> [EXERCISE DESCRIPTION]:
Give back exactly the lines from the "So what is this" line to the final line of the records, and only those, minus any pictures.
#### DATASET RECORDS ####
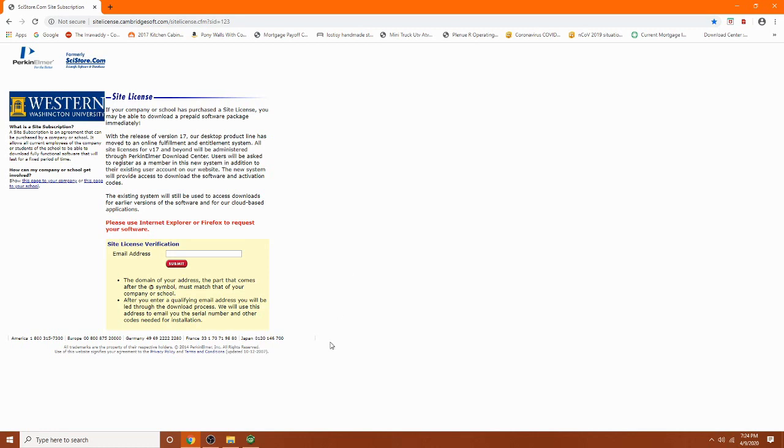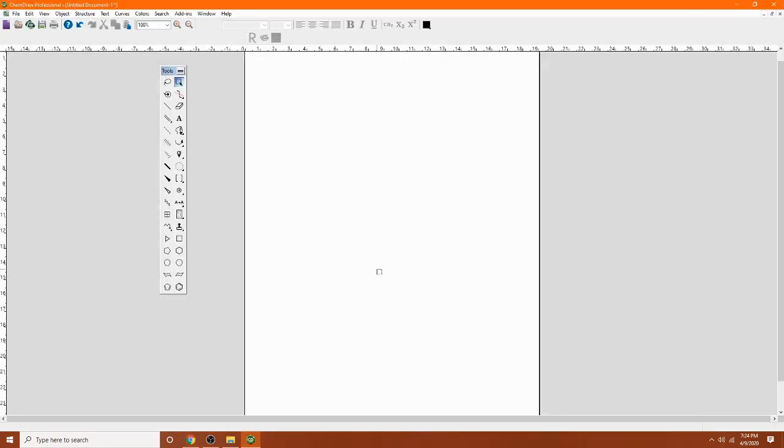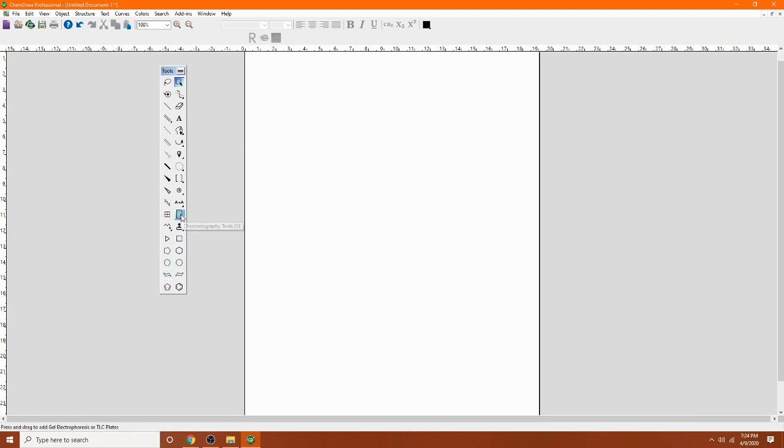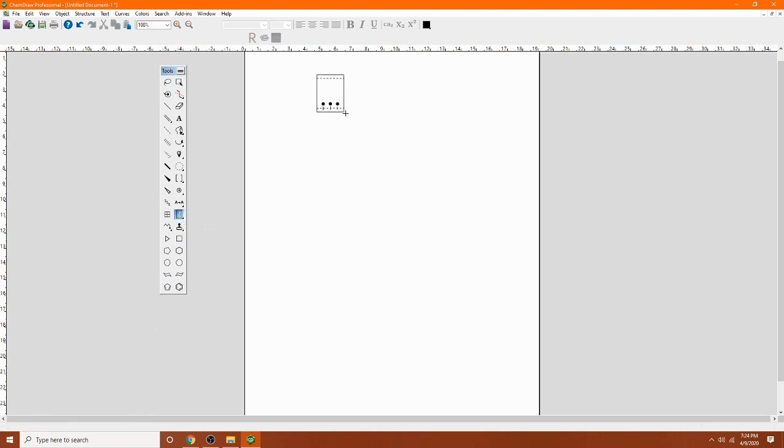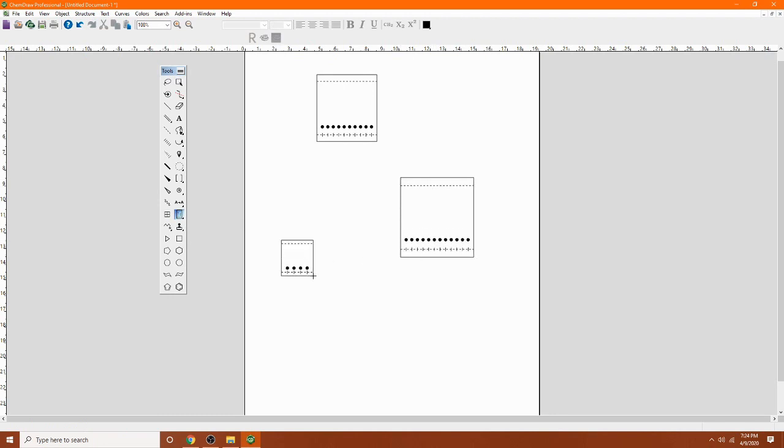So once you have it installed, open up the software and this is what it looks like. On the left side, you will find the toolbar. On the toolbar, you will see a little chromatogram. Click on that chromatogram and click and drag on the white template here. Click and drag. So you have a TLC plate with multiple lanes.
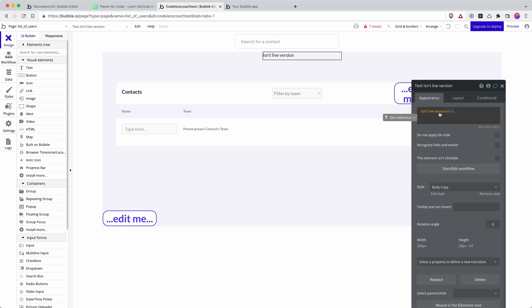So there we have it. That is an overview of the difference between the development version and the live version. I'd say the number one takeaway there is to recognize that you have those two versions. And then the number two takeaway is that your database is specific to the version.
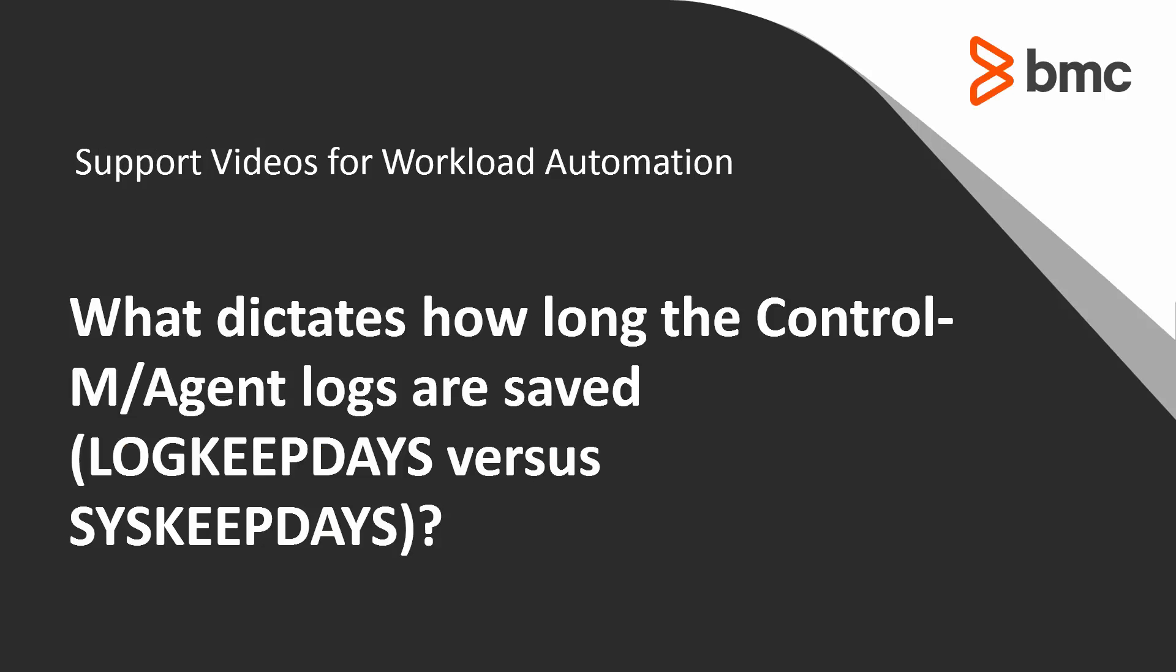Welcome to the support videos for workload automation video series. This video will demonstrate configuring how long Control-M agent keeps its proc logs file and the difference between log keep days and sys keep days settings.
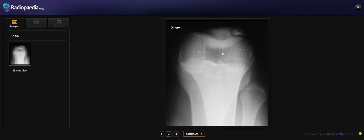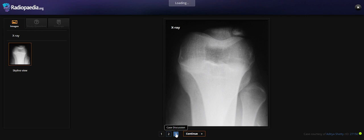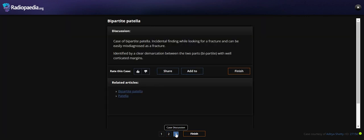So what is this finding? The finding is called bipartite patella. This is a case of bipartite patella, an incidental finding while looking for a fracture that can be easily misdiagnosed as a fracture.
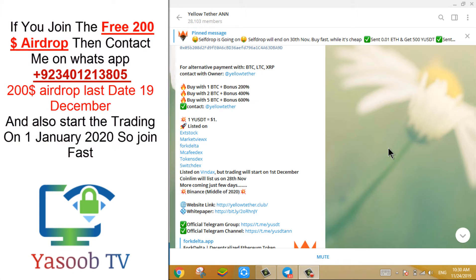In this video, today I will tell you about a very important airdrop. All links are in the video description, you can join this airdrop by going there.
####
> [RESPONSE TO THIS TASK]:
So what is this finding? The finding is called bipartite patella. This is a case of bipartite patella, an incidental finding while looking for a fracture that can be easily misdiagnosed as a fracture.
In this video, today I will tell you about a very important airdrop. All links are in the video description, you can join this airdrop by going there.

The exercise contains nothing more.